Sweet potatoes offer lots of nutrition compared to potatoes! Very high in vitamin A and a good source of vitamins E and C, B vitamins, manganese, potassium and dietary fiber, they’re a great choice if you’re looking for a different starch.

Go healthy this Chanukah and use sweet potatoes when making latkes. They crisp up nicely and are really tasty.

What’s more, as a complex carbohydrate food, sweet potatoes offer a lower glycemic index rating; that’s because it digests slowly, causing a gradual rise in blood sugar so you feel satisfied longer. With all that, it’s time to move sweet potatoes to the “good” carb list!

But how to incorporate them into the dishes traditionally served at Chanukah?

How about sweet potato latkes, which make a colorful addition to any meal?

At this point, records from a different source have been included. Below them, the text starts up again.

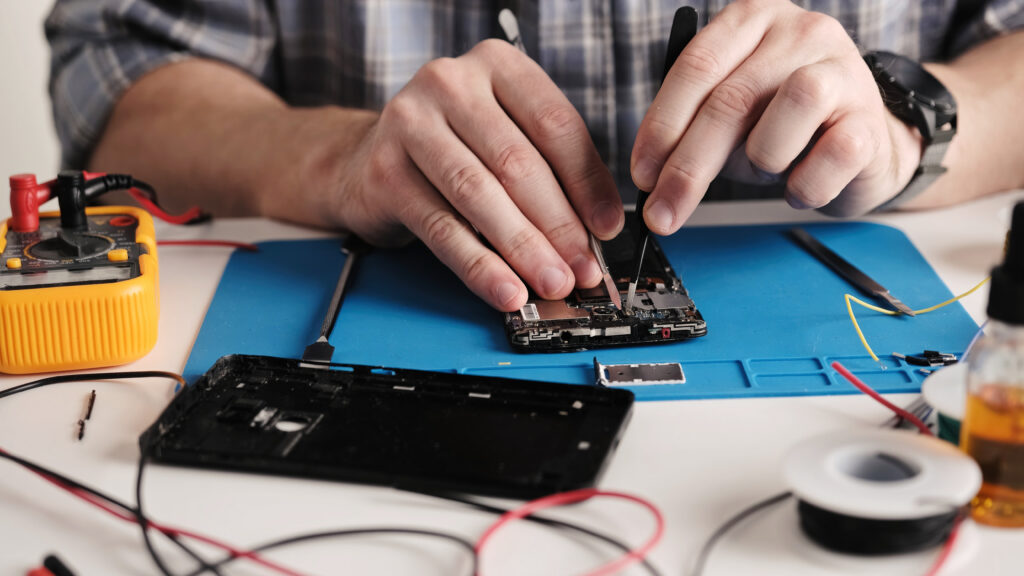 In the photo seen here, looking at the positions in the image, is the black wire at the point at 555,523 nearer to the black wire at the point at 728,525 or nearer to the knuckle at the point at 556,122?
the black wire at the point at 728,525

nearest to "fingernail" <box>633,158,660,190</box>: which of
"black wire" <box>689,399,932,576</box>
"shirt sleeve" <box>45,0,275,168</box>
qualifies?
"black wire" <box>689,399,932,576</box>

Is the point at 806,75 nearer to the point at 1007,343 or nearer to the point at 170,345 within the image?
the point at 1007,343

The addition of a variety of vegetables to the sweet potato batter adds texture and nutrition to this easy recipe. The best part is that you can use any vegetable you like, and you can either fry the latkes on the stove or bake them in the oven to cut calories.

Ingredients:

  • 1 medium onion
  • 1 large potato, peeled (Idaho or Yukon Gold)
  • 2 large sweet potatoes, peeled
  • 1 medium to large carrot
  • 1 red pepper
  • 2 eggs (or ½-cup fat-free liquid egg substitute)
  • 1/3-cup matzah meal or whole-wheat flour
  • Pinch of baking powder (¼ tsp.)
  • 2 tsp. salt (or to taste)
  • ½-tsp. turmeric
  • 1 tsp. pepper (or to taste)
  • ½-cup oil, for frying*
  • plain Greek yogurt (optional topping)
  • unsweetened applesauce and cinnamon (optional topping)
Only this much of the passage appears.